Data segment
=====
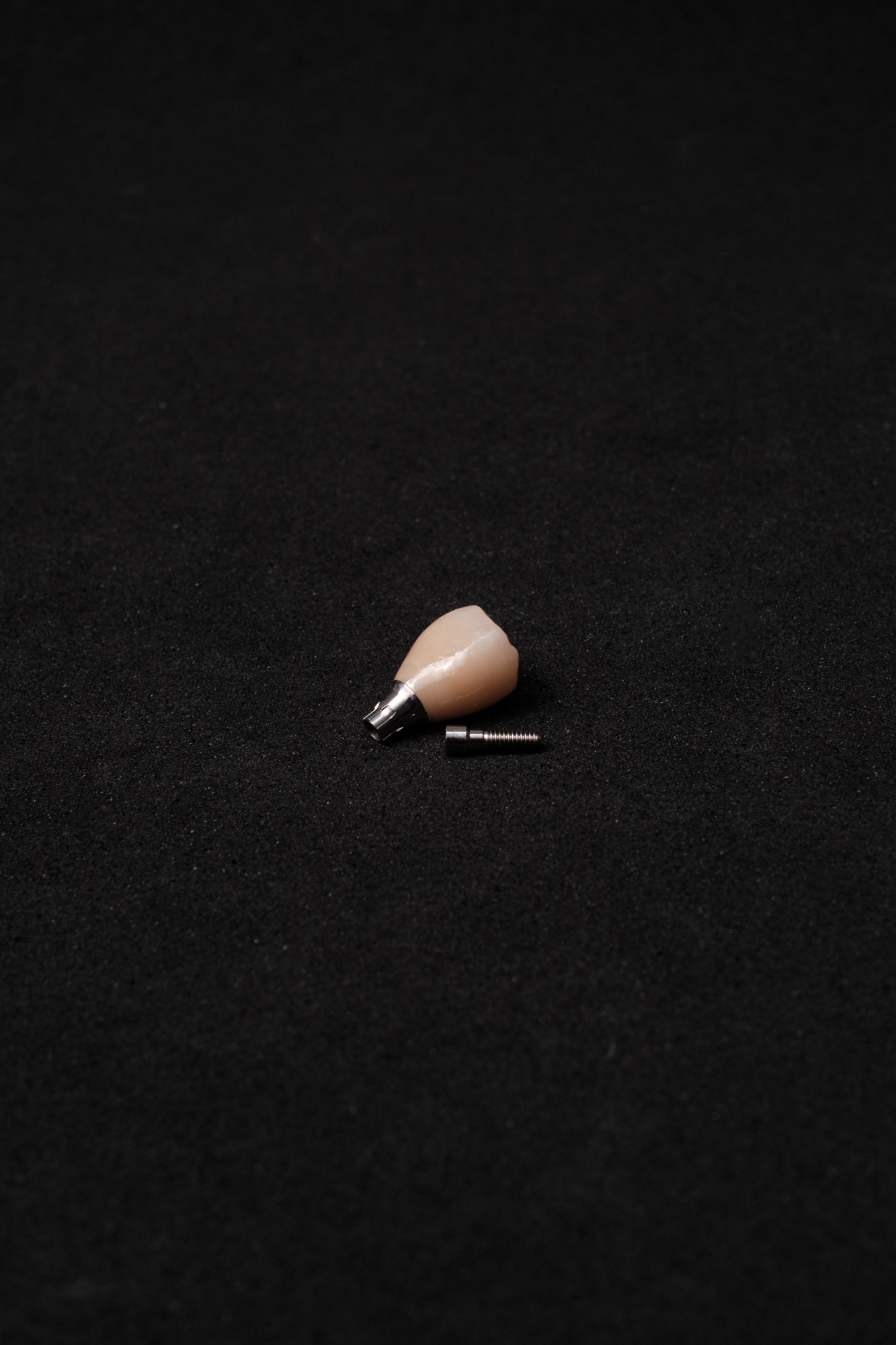 Vollzirkon Krone auf Implantat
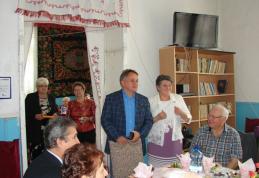 Vârstnicii s-au sărbătorit la ei acasă, dar cu prefectul Dan Nechifor - FOTO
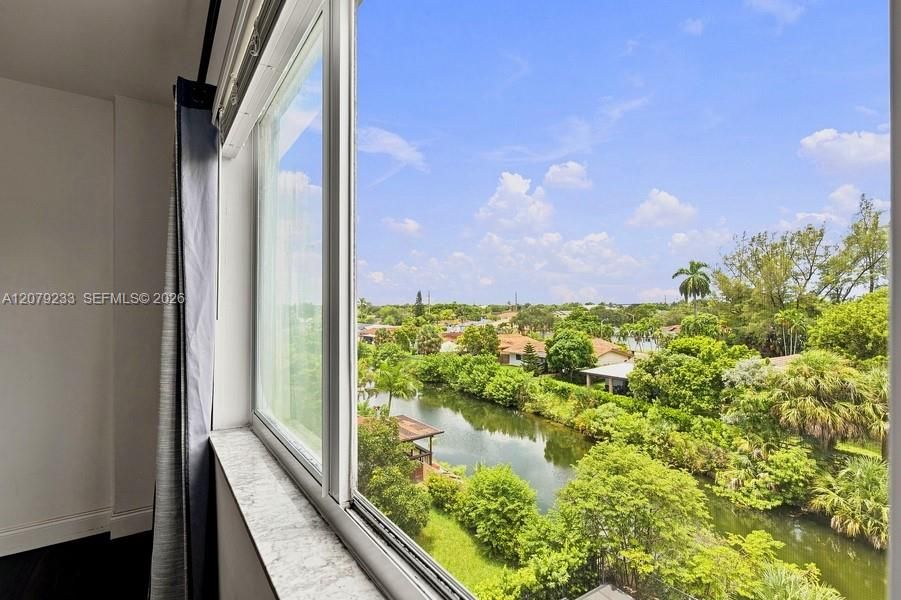 На продажу: $229,000 (1 спален, 1 ванн, 726 Квадратных фут)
=====
Exercise
Please reproduce only the lines from the one holding "Vârstnicii s-au sărbătorit" through the final line of the listing above, both included, with each picture left out.

Output below
 Vârstnicii s-au sărbătorit la ei acasă, dar cu prefectul Dan Nechifor - FOTO
 На продажу: $229,000 (1 спален, 1 ванн, 726 Квадратных фут)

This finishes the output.